═════ RECORDS TO PROCESS

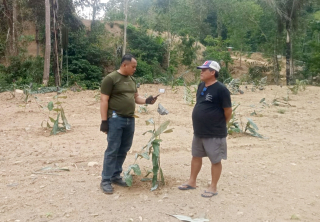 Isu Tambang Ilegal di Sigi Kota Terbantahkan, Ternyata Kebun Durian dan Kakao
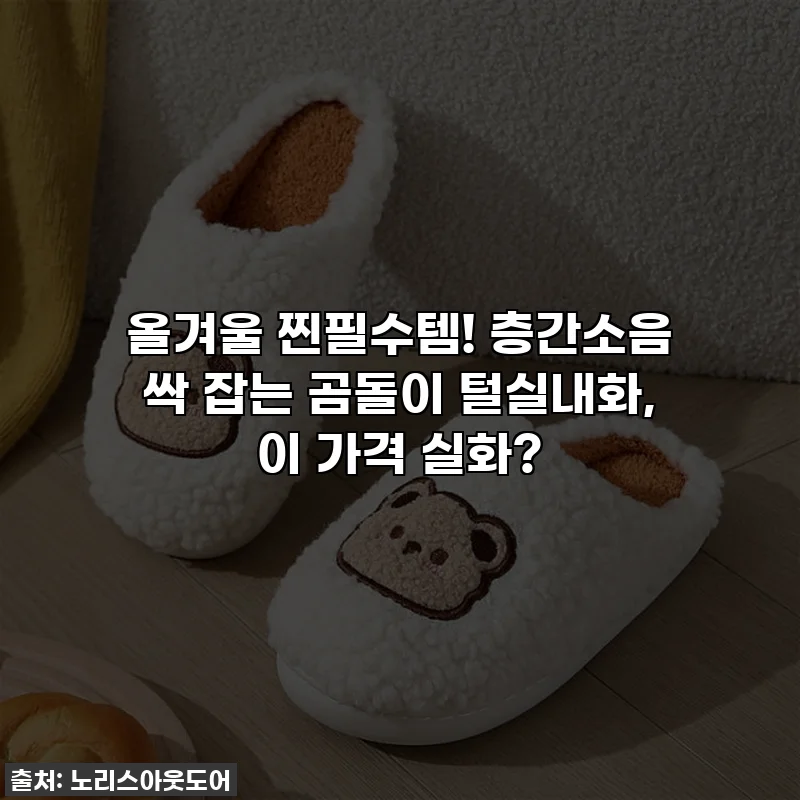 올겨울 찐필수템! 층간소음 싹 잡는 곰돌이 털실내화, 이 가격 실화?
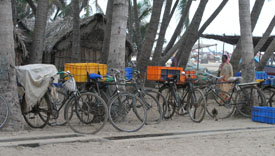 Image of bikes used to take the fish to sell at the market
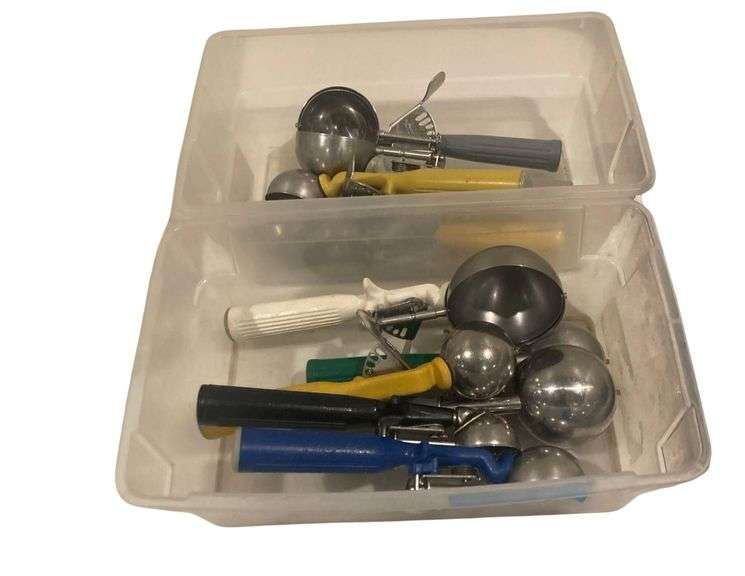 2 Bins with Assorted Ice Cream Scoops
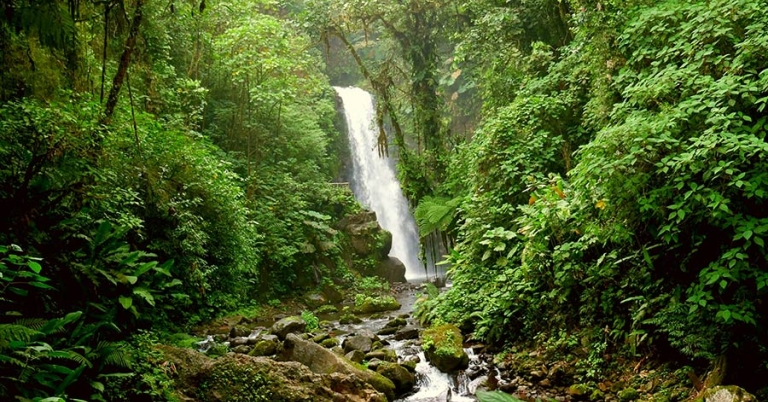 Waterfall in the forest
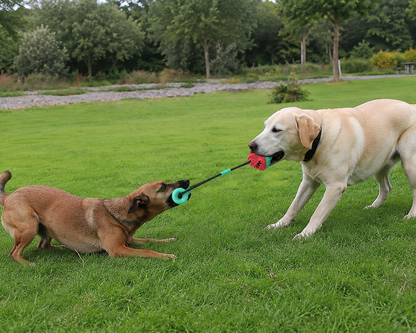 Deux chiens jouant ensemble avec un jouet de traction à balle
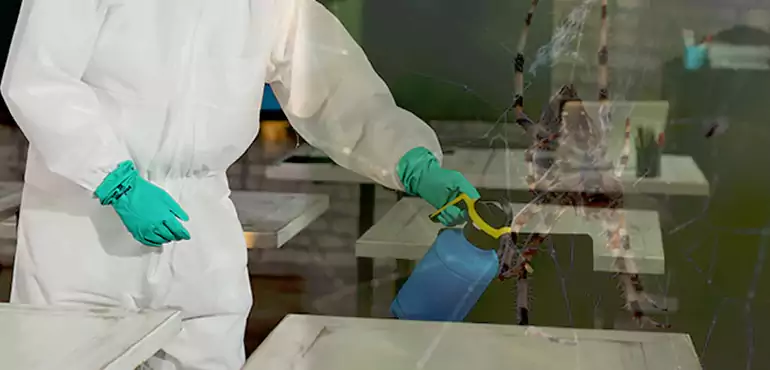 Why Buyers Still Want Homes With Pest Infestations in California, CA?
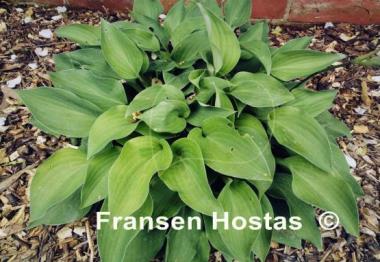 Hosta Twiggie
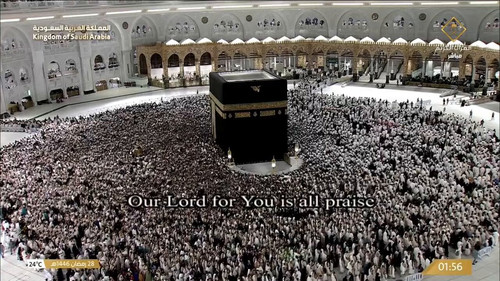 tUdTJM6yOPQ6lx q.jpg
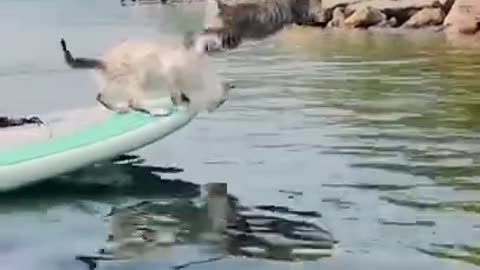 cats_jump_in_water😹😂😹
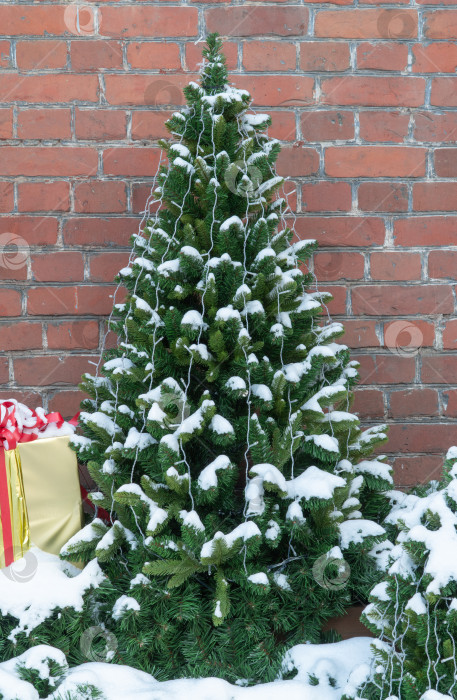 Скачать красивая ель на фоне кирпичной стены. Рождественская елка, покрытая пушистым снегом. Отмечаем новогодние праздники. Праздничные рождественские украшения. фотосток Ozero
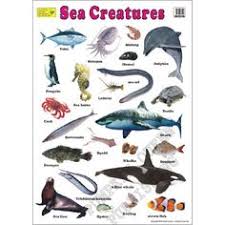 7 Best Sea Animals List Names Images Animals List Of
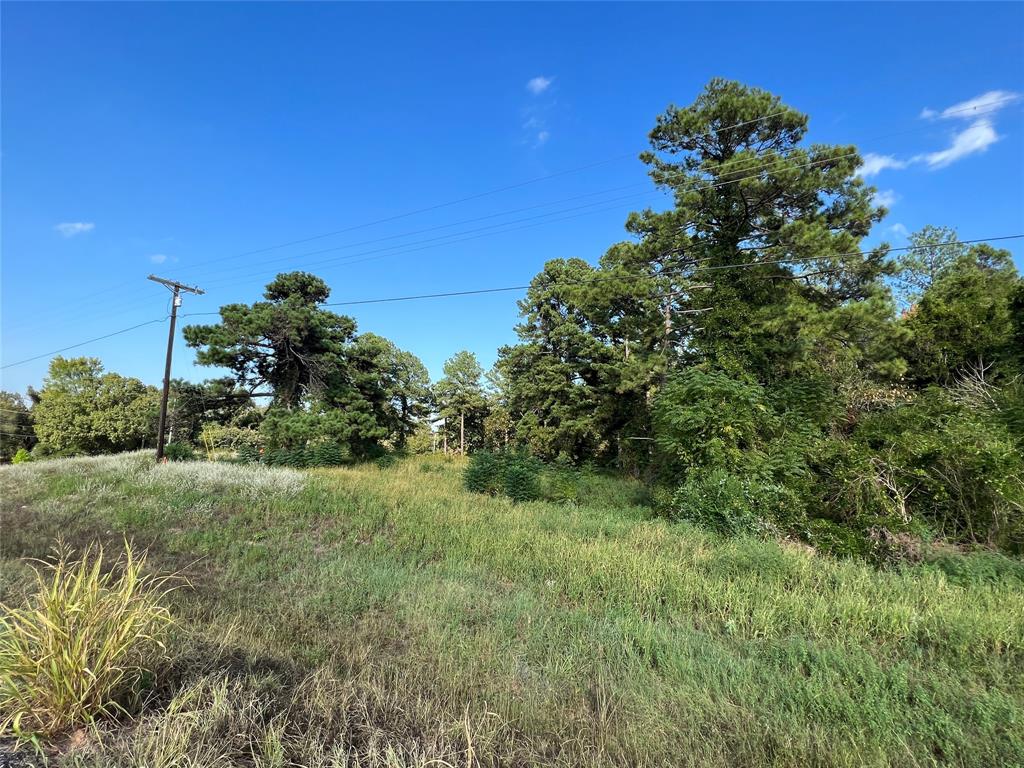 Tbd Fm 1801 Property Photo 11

══════════

Pictures stay out, but every record above is to be returned exactly.

### RESULT FOR THIS EXERCISE
 Isu Tambang Ilegal di Sigi Kota Terbantahkan, Ternyata Kebun Durian dan Kakao
 올겨울 찐필수템! 층간소음 싹 잡는 곰돌이 털실내화, 이 가격 실화?
 Image of bikes used to take the fish to sell at the market
 2 Bins with Assorted Ice Cream Scoops
 Waterfall in the forest
 Deux chiens jouant ensemble avec un jouet de traction à balle
 Why Buyers Still Want Homes With Pest Infestations in California, CA?
 Hosta Twiggie
 tUdTJM6yOPQ6lx q.jpg
 cats_jump_in_water😹😂😹
 Скачать красивая ель на фоне кирпичной стены. Рождественская елка, покрытая пушистым снегом. Отмечаем новогодние праздники. Праздничные рождественские украшения. фотосток Ozero
 7 Best Sea Animals List Names Images Animals List Of
 Tbd Fm 1801 Property Photo 11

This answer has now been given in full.